══ Material for this task

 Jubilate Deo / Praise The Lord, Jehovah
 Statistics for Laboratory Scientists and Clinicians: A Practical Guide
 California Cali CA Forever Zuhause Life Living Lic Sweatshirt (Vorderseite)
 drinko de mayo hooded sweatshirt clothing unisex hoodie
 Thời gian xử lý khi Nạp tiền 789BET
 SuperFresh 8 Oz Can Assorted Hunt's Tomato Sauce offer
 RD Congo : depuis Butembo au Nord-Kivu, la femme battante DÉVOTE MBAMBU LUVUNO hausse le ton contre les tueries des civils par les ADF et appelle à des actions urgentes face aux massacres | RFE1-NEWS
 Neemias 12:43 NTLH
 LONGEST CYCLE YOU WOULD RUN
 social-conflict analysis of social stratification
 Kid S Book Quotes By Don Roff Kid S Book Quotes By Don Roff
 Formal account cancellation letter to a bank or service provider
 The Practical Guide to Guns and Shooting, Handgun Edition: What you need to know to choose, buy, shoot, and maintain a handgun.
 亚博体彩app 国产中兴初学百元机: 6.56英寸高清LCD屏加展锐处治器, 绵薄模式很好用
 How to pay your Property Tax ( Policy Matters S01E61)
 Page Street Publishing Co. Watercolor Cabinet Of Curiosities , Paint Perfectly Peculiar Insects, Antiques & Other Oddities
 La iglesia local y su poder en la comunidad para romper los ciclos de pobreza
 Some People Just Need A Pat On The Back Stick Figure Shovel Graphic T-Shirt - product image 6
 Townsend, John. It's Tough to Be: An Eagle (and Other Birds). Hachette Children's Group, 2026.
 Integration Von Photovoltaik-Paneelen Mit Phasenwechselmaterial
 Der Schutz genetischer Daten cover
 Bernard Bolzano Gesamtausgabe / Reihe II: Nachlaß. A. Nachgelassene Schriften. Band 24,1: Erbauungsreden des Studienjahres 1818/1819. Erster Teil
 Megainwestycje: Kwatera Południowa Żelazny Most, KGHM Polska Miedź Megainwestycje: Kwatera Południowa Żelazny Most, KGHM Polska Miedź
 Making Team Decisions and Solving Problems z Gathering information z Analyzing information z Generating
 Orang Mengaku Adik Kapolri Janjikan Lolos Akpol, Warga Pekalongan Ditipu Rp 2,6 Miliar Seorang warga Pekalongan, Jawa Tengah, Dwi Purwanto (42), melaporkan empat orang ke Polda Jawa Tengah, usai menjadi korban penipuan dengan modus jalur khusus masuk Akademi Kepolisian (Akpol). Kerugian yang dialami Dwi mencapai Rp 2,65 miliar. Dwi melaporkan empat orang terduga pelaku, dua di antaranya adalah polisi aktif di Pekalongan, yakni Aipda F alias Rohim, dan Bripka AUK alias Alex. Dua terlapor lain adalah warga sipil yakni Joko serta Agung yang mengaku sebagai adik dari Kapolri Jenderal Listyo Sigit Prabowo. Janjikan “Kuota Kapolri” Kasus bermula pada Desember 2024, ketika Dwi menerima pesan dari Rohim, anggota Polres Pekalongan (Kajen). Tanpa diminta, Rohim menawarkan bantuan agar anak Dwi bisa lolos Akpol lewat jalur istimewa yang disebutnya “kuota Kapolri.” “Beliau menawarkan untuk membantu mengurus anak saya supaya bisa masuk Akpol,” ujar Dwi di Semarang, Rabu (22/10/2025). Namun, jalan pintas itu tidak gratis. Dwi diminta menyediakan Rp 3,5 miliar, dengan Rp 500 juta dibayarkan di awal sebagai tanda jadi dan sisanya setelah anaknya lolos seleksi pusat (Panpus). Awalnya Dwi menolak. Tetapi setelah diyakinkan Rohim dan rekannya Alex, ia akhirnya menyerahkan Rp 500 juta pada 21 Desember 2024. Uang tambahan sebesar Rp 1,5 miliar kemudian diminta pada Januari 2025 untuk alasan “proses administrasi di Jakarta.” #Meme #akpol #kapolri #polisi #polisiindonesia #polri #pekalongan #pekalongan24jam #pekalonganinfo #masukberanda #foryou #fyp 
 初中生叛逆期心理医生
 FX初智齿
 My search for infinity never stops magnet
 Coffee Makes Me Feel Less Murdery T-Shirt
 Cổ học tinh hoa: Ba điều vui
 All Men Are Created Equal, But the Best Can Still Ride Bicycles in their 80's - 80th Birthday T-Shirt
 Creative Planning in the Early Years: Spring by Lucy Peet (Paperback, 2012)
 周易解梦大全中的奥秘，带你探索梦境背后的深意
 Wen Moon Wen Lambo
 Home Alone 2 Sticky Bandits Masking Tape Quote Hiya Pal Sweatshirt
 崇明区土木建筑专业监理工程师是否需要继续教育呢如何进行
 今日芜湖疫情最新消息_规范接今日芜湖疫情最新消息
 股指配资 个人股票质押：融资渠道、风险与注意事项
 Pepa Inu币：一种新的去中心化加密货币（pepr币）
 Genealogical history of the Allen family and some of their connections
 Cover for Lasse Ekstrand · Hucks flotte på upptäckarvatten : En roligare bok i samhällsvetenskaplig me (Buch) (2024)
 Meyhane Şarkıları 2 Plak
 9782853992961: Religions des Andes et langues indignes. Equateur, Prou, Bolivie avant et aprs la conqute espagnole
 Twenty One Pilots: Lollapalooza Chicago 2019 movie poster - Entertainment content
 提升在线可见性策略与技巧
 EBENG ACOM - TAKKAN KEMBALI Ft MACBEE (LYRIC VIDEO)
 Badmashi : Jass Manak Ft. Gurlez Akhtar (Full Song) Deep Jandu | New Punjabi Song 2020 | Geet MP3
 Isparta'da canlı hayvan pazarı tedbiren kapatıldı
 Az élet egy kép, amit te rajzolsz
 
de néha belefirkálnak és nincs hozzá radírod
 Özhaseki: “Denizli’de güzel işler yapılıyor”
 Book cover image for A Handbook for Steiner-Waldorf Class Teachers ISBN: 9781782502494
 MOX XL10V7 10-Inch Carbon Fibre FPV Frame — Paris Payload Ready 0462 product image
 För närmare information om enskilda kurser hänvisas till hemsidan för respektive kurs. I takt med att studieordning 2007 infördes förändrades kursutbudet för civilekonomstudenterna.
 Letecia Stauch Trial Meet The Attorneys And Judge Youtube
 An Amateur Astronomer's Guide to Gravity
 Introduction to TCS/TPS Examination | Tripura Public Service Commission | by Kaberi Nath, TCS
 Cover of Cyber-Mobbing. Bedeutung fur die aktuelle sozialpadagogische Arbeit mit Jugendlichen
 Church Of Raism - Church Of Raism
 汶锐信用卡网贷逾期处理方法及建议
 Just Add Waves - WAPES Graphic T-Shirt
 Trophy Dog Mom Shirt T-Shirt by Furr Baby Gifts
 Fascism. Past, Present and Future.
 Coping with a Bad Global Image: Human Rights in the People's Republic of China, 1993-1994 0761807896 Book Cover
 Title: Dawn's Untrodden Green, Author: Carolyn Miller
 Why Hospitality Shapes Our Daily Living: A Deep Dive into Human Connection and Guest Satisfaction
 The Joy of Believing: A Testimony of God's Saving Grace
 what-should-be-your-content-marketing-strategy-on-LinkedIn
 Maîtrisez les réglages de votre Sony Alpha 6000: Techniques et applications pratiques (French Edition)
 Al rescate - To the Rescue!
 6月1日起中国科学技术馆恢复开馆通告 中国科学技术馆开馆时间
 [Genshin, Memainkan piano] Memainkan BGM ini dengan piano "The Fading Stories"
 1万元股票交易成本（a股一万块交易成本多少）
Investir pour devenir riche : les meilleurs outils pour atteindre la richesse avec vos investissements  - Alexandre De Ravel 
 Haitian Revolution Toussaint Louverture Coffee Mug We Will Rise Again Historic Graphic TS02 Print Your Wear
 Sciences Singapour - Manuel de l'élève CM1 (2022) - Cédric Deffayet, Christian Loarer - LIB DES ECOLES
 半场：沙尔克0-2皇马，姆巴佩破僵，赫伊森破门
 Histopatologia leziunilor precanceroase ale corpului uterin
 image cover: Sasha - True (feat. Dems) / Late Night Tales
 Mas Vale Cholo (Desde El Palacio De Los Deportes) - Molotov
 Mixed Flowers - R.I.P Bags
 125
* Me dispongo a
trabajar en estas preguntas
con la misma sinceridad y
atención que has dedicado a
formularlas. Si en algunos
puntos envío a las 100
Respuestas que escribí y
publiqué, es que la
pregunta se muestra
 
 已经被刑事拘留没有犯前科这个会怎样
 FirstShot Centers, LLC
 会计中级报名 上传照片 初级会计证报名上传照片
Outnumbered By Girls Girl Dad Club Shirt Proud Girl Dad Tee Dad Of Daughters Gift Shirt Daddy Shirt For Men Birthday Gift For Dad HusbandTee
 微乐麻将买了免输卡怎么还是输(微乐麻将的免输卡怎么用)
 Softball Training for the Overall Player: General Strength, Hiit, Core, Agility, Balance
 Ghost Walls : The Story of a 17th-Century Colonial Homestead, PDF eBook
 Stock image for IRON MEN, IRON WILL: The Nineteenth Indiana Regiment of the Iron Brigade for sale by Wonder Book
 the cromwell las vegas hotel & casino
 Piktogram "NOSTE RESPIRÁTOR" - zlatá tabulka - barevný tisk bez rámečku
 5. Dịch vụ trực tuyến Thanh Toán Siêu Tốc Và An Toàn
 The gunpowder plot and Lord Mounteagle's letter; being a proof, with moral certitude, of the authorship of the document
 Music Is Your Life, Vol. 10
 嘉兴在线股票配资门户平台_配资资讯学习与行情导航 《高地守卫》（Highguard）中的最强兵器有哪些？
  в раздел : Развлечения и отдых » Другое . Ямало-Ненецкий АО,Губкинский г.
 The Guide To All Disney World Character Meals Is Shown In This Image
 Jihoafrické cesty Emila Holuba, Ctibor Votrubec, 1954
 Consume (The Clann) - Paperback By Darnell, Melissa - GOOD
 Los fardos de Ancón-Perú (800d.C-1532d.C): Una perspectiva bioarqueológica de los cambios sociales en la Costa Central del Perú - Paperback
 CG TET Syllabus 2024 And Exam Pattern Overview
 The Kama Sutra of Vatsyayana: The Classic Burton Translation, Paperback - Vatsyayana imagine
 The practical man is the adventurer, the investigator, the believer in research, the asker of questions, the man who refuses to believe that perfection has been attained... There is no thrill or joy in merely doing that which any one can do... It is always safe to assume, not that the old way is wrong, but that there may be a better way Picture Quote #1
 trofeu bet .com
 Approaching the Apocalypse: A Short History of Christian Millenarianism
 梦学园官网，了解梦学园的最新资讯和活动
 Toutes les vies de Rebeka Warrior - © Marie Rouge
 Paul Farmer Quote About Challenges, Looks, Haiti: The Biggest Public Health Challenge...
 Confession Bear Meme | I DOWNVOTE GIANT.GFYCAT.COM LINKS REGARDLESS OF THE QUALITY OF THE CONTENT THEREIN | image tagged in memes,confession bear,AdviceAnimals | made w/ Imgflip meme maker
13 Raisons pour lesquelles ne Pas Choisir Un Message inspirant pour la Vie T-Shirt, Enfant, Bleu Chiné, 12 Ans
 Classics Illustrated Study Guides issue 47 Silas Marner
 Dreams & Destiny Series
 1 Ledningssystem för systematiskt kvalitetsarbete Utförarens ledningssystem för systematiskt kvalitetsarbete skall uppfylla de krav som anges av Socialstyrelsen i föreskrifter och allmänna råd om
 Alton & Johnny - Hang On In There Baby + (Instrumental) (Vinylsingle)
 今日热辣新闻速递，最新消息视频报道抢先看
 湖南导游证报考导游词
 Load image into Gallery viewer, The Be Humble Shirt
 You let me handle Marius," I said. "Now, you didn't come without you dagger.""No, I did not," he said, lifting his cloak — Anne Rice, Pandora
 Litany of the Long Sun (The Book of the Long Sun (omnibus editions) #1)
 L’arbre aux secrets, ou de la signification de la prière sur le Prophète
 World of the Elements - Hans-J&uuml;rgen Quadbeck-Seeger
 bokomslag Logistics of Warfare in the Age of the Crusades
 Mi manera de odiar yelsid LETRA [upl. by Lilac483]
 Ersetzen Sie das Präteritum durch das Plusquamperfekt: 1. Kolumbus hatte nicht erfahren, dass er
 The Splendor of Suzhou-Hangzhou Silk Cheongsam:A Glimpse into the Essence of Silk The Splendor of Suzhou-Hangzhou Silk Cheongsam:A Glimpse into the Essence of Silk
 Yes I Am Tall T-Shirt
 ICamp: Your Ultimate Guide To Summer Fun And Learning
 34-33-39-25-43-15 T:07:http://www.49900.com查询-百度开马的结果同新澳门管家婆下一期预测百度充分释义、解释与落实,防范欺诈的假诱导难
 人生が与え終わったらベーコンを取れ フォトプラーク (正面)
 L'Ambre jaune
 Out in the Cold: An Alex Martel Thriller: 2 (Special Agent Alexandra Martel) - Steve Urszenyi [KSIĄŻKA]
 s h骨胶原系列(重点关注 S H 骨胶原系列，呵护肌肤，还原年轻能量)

════

Exercise brief: Will you return exactly the lines above from the one with "Me dispongo a" down to the one with "Consume (The Clann)", counting both as part of the range?

Answer area:
* Me dispongo a
trabajar en estas preguntas
con la misma sinceridad y
atención que has dedicado a
formularlas. Si en algunos
puntos envío a las 100
Respuestas que escribí y
publiqué, es que la
pregunta se muestra
 
 已经被刑事拘留没有犯前科这个会怎样
 FirstShot Centers, LLC
 会计中级报名 上传照片 初级会计证报名上传照片
Outnumbered By Girls Girl Dad Club Shirt Proud Girl Dad Tee Dad Of Daughters Gift Shirt Daddy Shirt For Men Birthday Gift For Dad HusbandTee
 微乐麻将买了免输卡怎么还是输(微乐麻将的免输卡怎么用)
 Softball Training for the Overall Player: General Strength, Hiit, Core, Agility, Balance
 Ghost Walls : The Story of a 17th-Century Colonial Homestead, PDF eBook
 Stock image for IRON MEN, IRON WILL: The Nineteenth Indiana Regiment of the Iron Brigade for sale by Wonder Book
 the cromwell las vegas hotel & casino
 Piktogram "NOSTE RESPIRÁTOR" - zlatá tabulka - barevný tisk bez rámečku
 5. Dịch vụ trực tuyến Thanh Toán Siêu Tốc Và An Toàn
 The gunpowder plot and Lord Mounteagle's letter; being a proof, with moral certitude, of the authorship of the document
 Music Is Your Life, Vol. 10
 嘉兴在线股票配资门户平台_配资资讯学习与行情导航 《高地守卫》（Highguard）中的最强兵器有哪些？
  в раздел : Развлечения и отдых » Другое . Ямало-Ненецкий АО,Губкинский г.
 The Guide To All Disney World Character Meals Is Shown In This Image
 Jihoafrické cesty Emila Holuba, Ctibor Votrubec, 1954
 Consume (The Clann) - Paperback By Darnell, Melissa - GOOD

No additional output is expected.